DATA PROVIDED section start
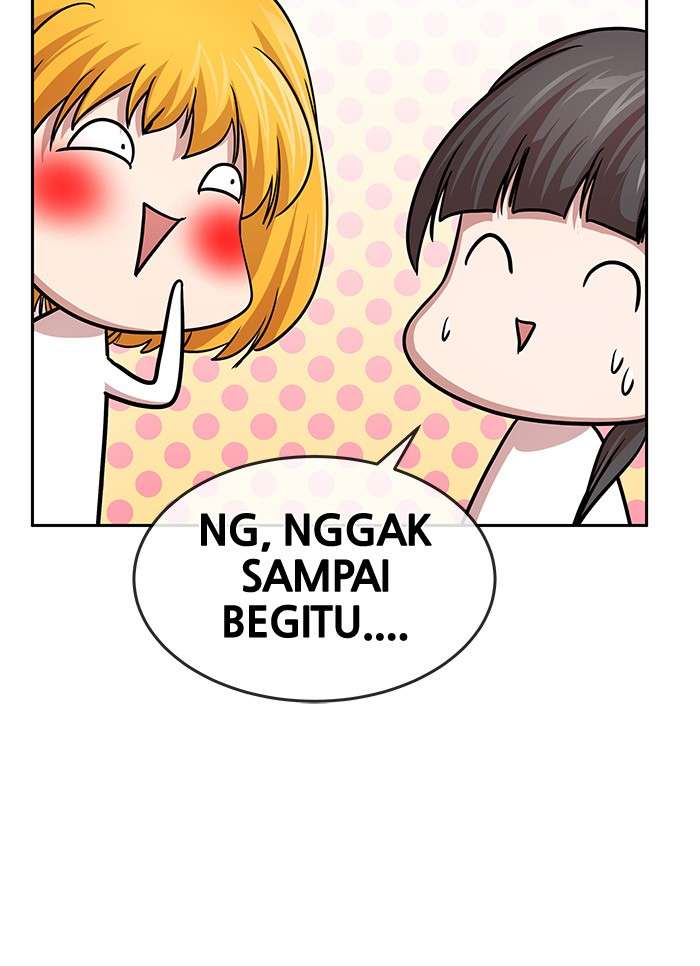 Halaman 46 dari 88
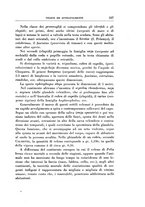 giornale/TO00192342/1934/unico/00000117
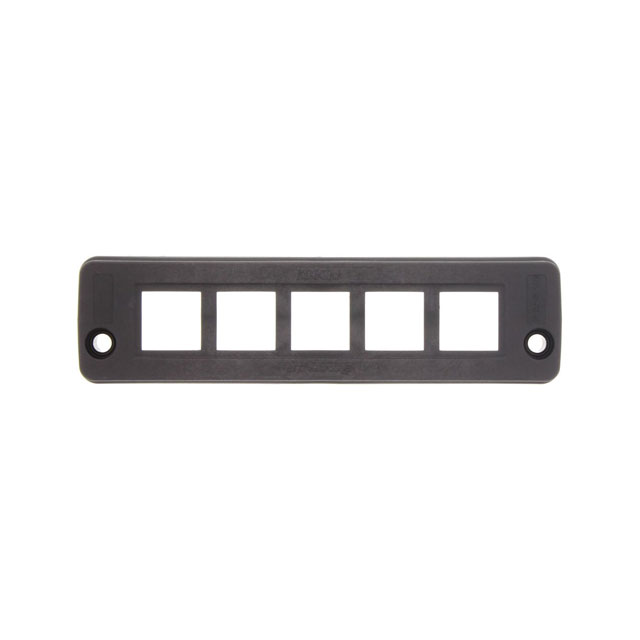 28712.4 - Conta-Clip, Inc.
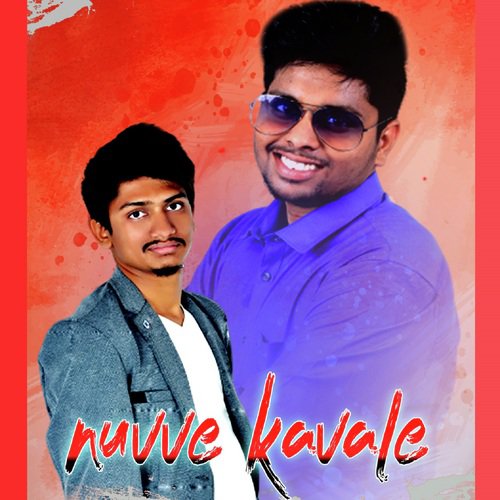 Nuvve Kavale Naveen K Lakshman MP3 Download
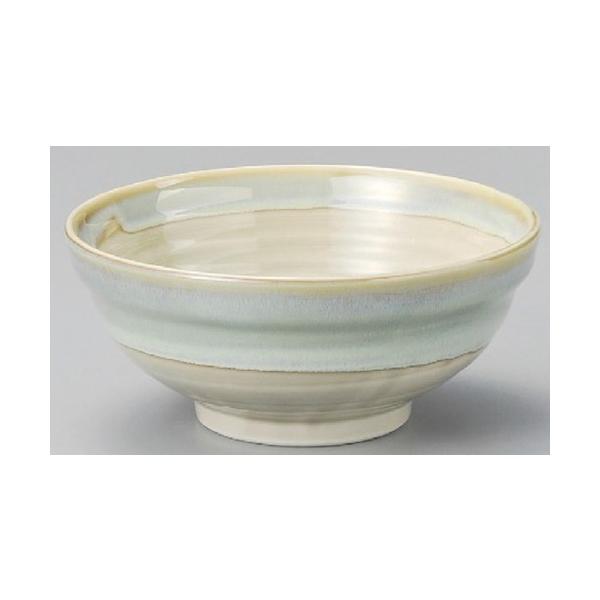    Ђ6.0ʟ [ 192 x 85mm ] y  aH HX Ɩp z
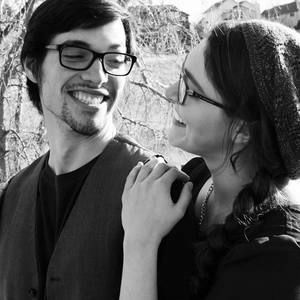 Meet your Posher, Abigail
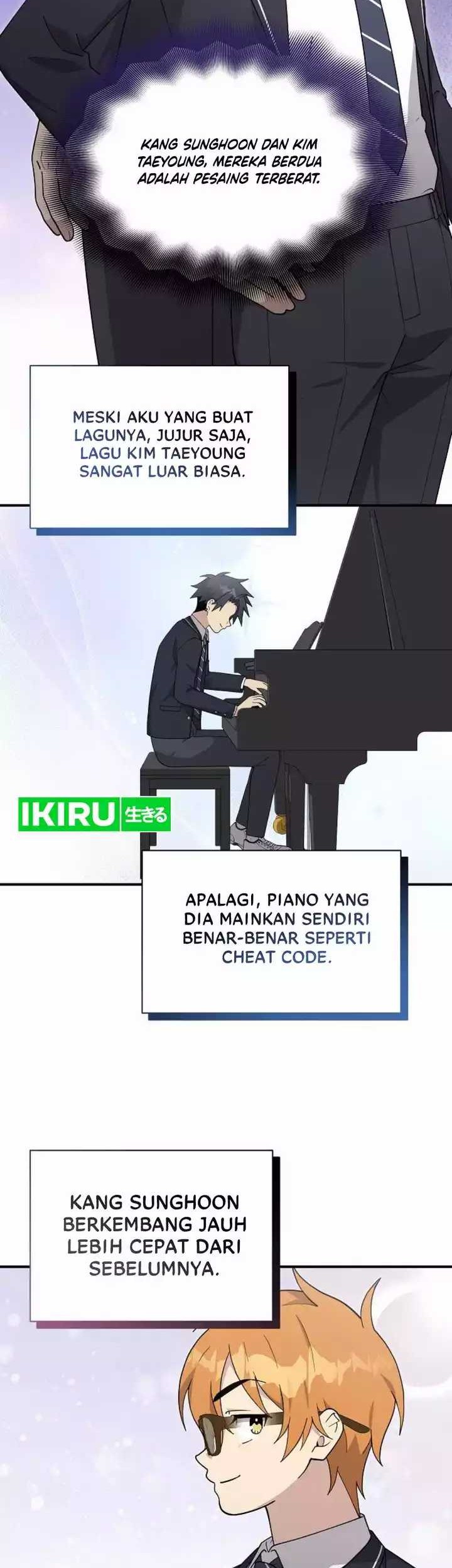 Chapter 44 - halaman 35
DATA PROVIDED section end
Nothing but the lines from the one containing "28712.4 - Conta-Clip, Inc." through the end of the listing should be printed, each exactly as it appears and without pictures.

EXERCISE RESPONSE:
 28712.4 - Conta-Clip, Inc.
 Nuvve Kavale Naveen K Lakshman MP3 Download
    Ђ6.0ʟ [ 192 x 85mm ] y  aH HX Ɩp z
 Meet your Posher, Abigail
 Chapter 44 - halaman 35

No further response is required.